The carriage glides lower into the residential rings, tall spires with sky-bridges, hanging gardens, balconies threaded with vines. People move along floating walkways that drift a few inches above the ground, safe and smooth. Warmth-orbs hover near doorways, casting gentle light.

In one open balcony, a family eats dinner while a small sphere of heat floats near their feet, keeping them warm without a hearth.

No smoke.

No wood.

No aching arms.

Just warmth. Quiet and steady.

Ryn watches that balcony for a long moment.

Then he says, almost to himself, "It's funny, I know I'm here and everything, but it's still unbelievable. I just didn't know places like this could exist."

Neither did I.

But now that I've seen it, it feels like proof that this world can be more than survival and struggle.

It can be built. Maintained. Improved.

I can improve it.

Or at least try to.

Something to aspire for.

The carriage turns onto a broad boulevard leading toward the inner city. The street beneath us glows brighter as we pass, runes responding to the carriage's weight and direction. Tall pylons stand at even intervals, crystals rotating slowly at their peaks, sending soft pulses down the road like a guiding rhythm.

Ryn laughs under his breath. "This is unbelievable.

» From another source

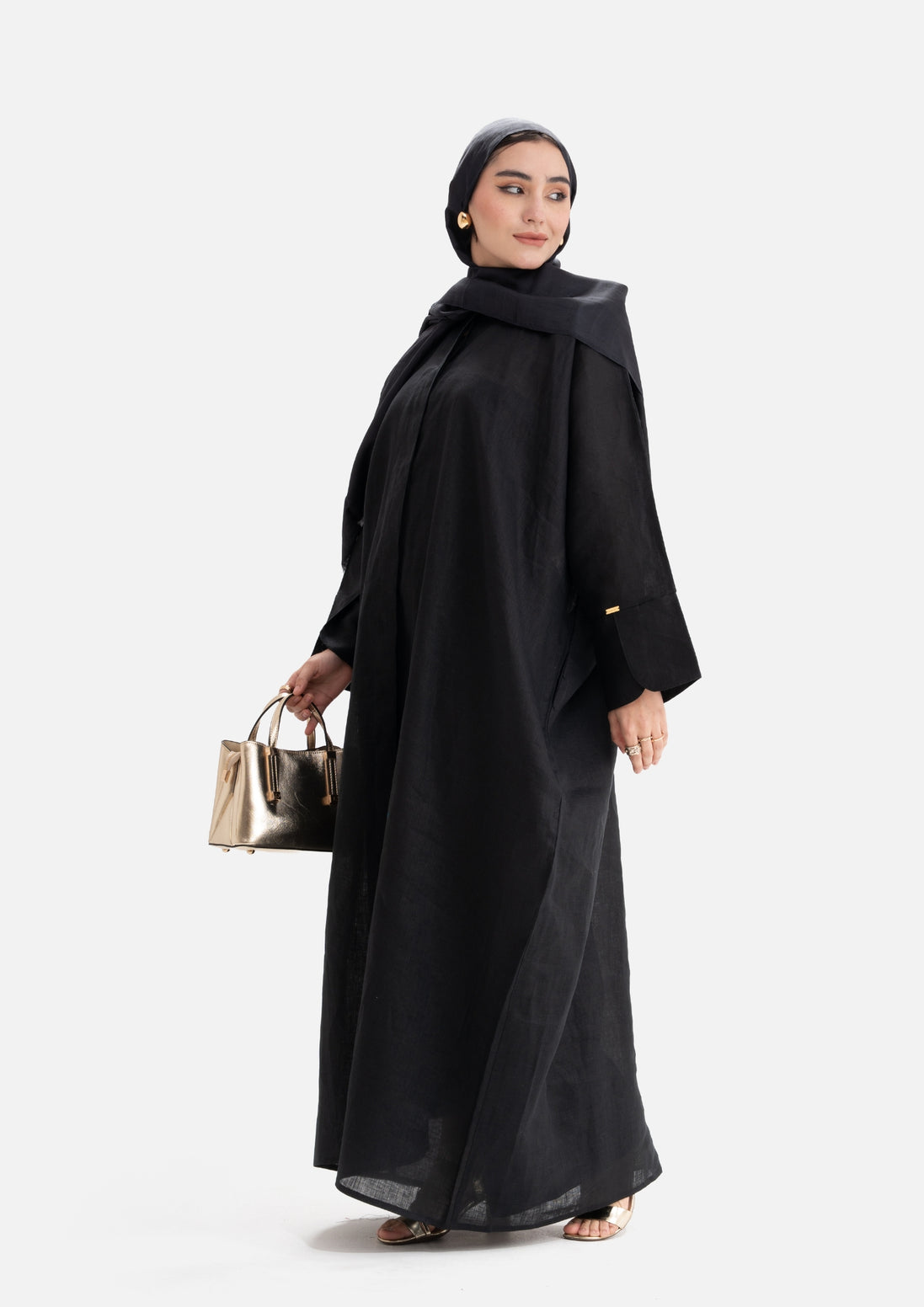 Linen Abaya Front Open - Black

It's like even the road is welcoming us."

"Or tracking us," I say automatically.

He elbows me lightly. "Stop."

I grin and let the comment go.

Because for the first time since I woke in Elyndra, the future doesn't feel like something I have to claw for.

It feels like something waiting to be reached.

I glance at the Codex as it hums softly, as if recording my awe like it's another kind of data.

[CITY CLASSIFICATION: VALORIA]

[STATUS: PROSPERING]

[USER NOTE: OPPORTUNITY HIGH]

I blink it away again.

Ryn is still staring out at the city, eyes bright, mouth tilted up in a faint smile he doesn't seem aware he's wearing.

Hope looks strange on him.

It's strange, I barely know Ryn, but this sight of him. It looks… right.

Valoria doesn't ask if we belong.

It simply exists, bright and thriving and full of possibility.

And for the first time, I find myself thinking something I haven't thought since my old life ended:

Maybe this time, I can become more than what the world expects of me.

The carriage glides onward, carrying us into the heart of the city.

Not as nobles.

Not as heirs.

Just two boys at the starting line, watching the world open up like a door that's been waiting for us to push through.

Valoria makes my old world feel like it was rendered in grayscale.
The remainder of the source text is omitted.